• _WHAT TO DO_
In the data that follows, give the number of lines containing the word "countertops". Offer no additional comment.

┄┄┄┄┄┄┄┄┄┄┄┄┄┄┄┄┄┄┄┄

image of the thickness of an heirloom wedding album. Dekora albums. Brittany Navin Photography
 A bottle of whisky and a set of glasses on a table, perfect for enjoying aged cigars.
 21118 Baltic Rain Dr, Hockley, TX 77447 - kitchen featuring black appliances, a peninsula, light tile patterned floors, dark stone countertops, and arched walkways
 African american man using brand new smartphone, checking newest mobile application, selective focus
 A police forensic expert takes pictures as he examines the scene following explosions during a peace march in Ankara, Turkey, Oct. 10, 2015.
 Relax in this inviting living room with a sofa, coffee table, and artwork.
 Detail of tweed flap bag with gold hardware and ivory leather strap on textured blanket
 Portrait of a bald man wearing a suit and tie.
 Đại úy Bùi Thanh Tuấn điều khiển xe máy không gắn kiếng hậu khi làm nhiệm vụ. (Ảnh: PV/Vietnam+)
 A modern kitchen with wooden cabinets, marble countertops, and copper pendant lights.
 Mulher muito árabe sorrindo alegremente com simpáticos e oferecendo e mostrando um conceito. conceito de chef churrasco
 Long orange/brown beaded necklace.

┄┄┄┄┄┄┄┄┄┄┄┄┄┄┄┄┄┄┄┄

• _REPLY_
2